Years before ever seeing California, I wrote a story titled “Oakland in Rain.”
Rain served as an easy metaphor for the unexpected in a place
known for abundance, and it provided a texture of melancholy.
The nameless protagonist—an exiled drunk who was,
of course, a thinly veiled version of myself—
had lost her mind and believed the weather communicated with her:
rain meant soberness, that she had been absolved of some sort of punishment.

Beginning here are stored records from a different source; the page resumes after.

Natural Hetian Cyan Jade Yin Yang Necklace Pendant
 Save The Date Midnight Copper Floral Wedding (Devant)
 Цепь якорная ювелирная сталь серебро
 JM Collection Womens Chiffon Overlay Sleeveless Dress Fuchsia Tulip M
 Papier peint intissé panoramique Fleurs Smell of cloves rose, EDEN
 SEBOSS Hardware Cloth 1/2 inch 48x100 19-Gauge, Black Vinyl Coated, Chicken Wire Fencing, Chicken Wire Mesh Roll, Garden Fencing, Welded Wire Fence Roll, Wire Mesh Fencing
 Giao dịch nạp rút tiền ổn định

Plagued by her wild inner life, I imagined her wandering the city,
intent on getting lost in the Catholic cemeteries, where she took note
of lemons in the wet grass (an offering?), the sky, a hawk on a tree.
But no matter where she went, nothing was ever quiet enough.
Despite my best efforts, the narrative was bleak;
it lacked tension and a convincing resolution.
Now, why am I telling you all this? Well, one day I woke up
and it had been raining in the Oakland of my actual life.
Outside my window, the cottonwood trees looked like the day before,
but drops of water covered the few dead leaves that hadn’t fallen
all the way down and were caught between branches.
It felt foolish to consider my fate, the idea of premonition.
Still, I put on my red coat and walked up the hill to the cemetery.
As if I had invented it, there were lemons in the grass, palm trees
with browned leaves. Walking there, between the gravestones of strangers,
a runner passed me, and a family who had come to bring flowers,
their faces animated, ruddy from the cold. And my life, I understood,
was just like their lives—marked by ordinary rituals, exercise,
and theories about the body. Nothing was as opulent as I had imagined it
back then, but just as I had needed it—the meaning of it all cold
and very still, like a marble pedestal engraved with an ancient, simple fact.